Allí estaba Federico, el conductor y quien quería eludir a la justicia.
En tanto, en el Hospital Julio de Vedia, Agustín Pereyra – 25-, lucha por su salud. Su madre, Bárbara Méndez, a su lado, sigue a los médicos y enfermeras como la sombra al cuerpo por preguntas, diagnósticos y demás consultas. En los pocos momentos libres, la comunicación con su hermano, Alexis, gira en torno al accidente y la salud del joven.
Agustín vive en Matheu al 800. También en Barrios Unidos.

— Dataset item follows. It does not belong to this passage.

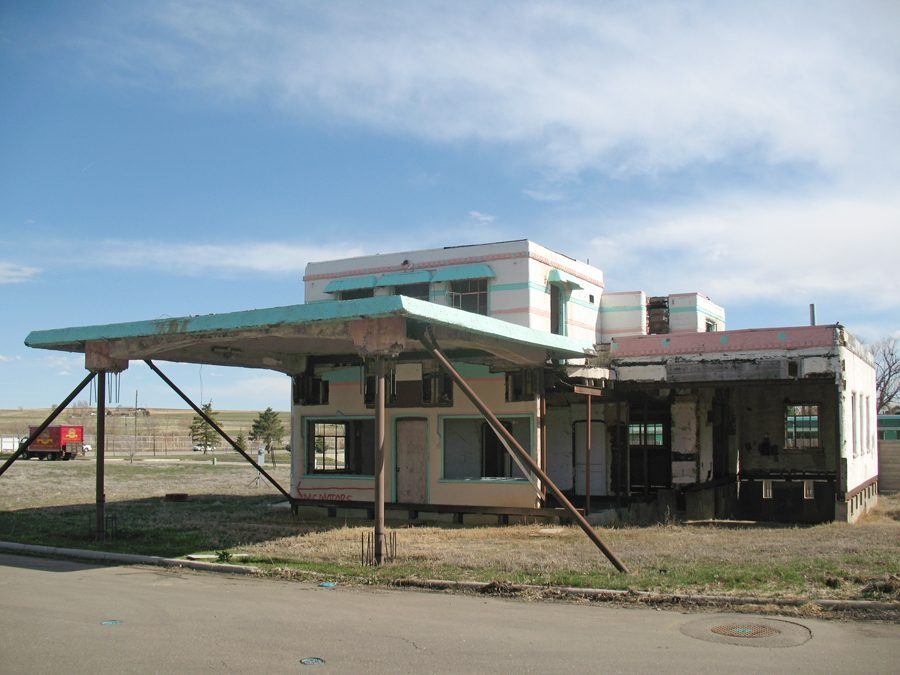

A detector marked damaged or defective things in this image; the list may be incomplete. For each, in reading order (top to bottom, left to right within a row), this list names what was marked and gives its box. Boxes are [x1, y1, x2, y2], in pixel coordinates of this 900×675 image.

rusty metal support [0, 372, 96, 478]
rusty metal support [143, 362, 292, 504]
rusty metal support [420, 332, 624, 572]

Víctima y victimario son vecinos y se domicilian en frente. Si!. Los separa la calle. La misma que los unió desde muy pequeños en cruces, para jugar, principalmente detrás de una pelota y compartir momentos acorde a la edad. Ambos visitaban las casas con frecuencia y era Federico quien más iba a la de Agustín. Son de la misma edad. Bárbara, Alexis y demás familiares no pueden creer que el auto tan buscado estaba a 15 metros de distancia de la vivienda de quien está hospitalizado. Y el mayor asombro lo tuvieron al saber el nombre. Alexis, en su momento lo promovió para las inferiores de Once Tigres.

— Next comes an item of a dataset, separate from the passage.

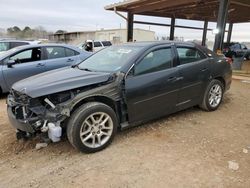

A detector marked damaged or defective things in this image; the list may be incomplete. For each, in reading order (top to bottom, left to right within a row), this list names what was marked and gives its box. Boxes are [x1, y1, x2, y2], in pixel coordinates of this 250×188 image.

crumpled front hood [12, 67, 112, 97]
damaged black sedan [6, 41, 231, 153]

Conforme supo CN, el conductor, que seguramente sabía que a quién había lastimado, era su vecino y amigo de la cuadra, lo primero que dijo espontáneamente ante la policía fue ‘me asusté y dispare’.
Además, tendría como antecedente un homicidio culposo. Mató a una persona con un camión. Habría sido accidentalmente.
Agustín, todavía no sabe que su vecino casi le hace perder la vida!.
Se suele decir que el mundo es chico. En este caso, queda reducido a menos de 15 metros, con historias de infancia, barrio y de la vida misma en crecimiento.